Activity: The records below must be reproduced exactly. Strip out the pictures.

Image-text web data:

=== Section Start ===

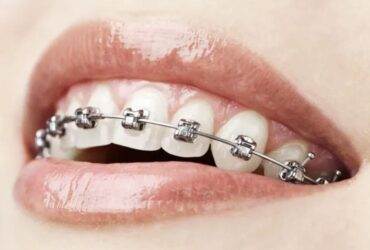 Ortodoncia con brackets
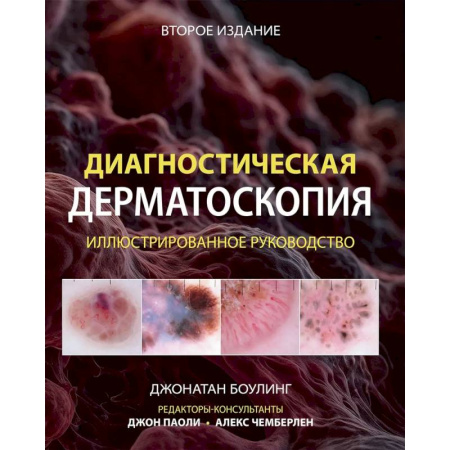 Кожные и венерические болезни, книга Диагностическая дерматоскопия: иллюстрированное руководство купить по скидке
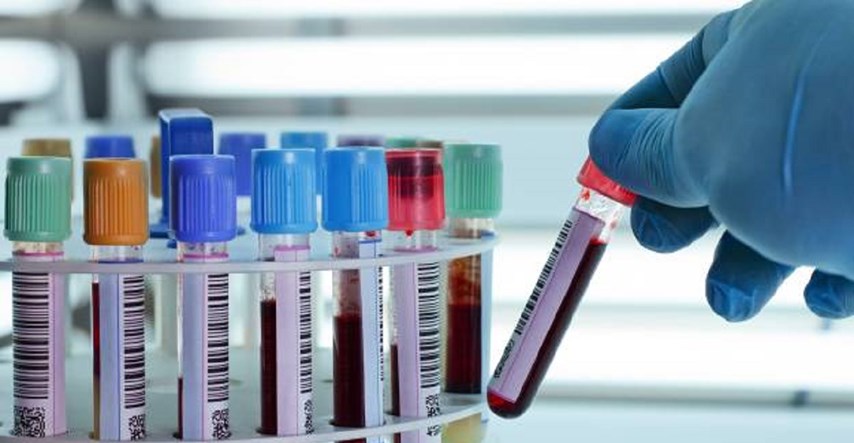 Znanstvenici razvijaju test koji otkriva 50 vrsti raka iz uzorka krvi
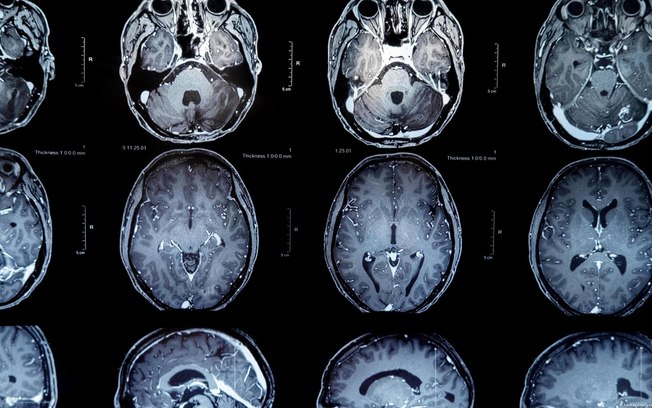 Tumores cerebrais têm uma probabilidade de quase 100% de recidiva em algum momento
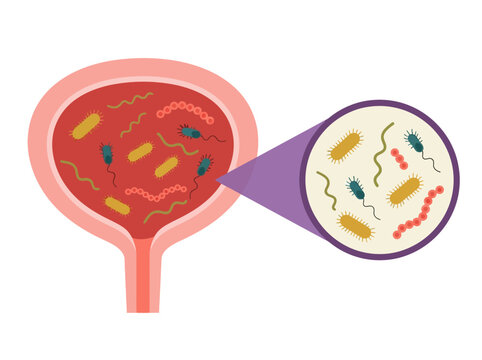 Urinary Tract Infection Illustration Showing Bacteria in the Human Bladder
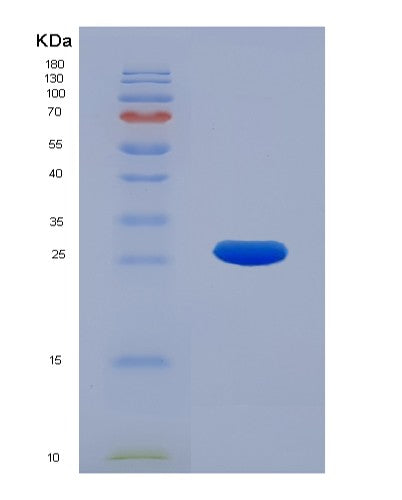 Human PSMB3 (Proteasome Subunit Beta Type-3) - Recombinant Protein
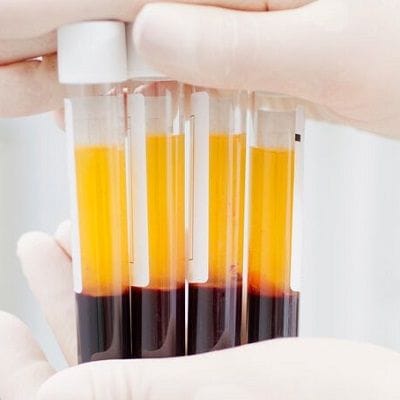 Concentrated Growth Factor Treatments in Dubai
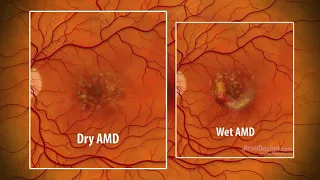 Macular Degeneration - an animated explanation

=== Section End ===

Output for this task:
 Ortodoncia con brackets
 Кожные и венерические болезни, книга Диагностическая дерматоскопия: иллюстрированное руководство купить по скидке
 Znanstvenici razvijaju test koji otkriva 50 vrsti raka iz uzorka krvi
 Tumores cerebrais têm uma probabilidade de quase 100% de recidiva em algum momento
 Urinary Tract Infection Illustration Showing Bacteria in the Human Bladder
 Human PSMB3 (Proteasome Subunit Beta Type-3) - Recombinant Protein
 Concentrated Growth Factor Treatments in Dubai
 Macular Degeneration - an animated explanation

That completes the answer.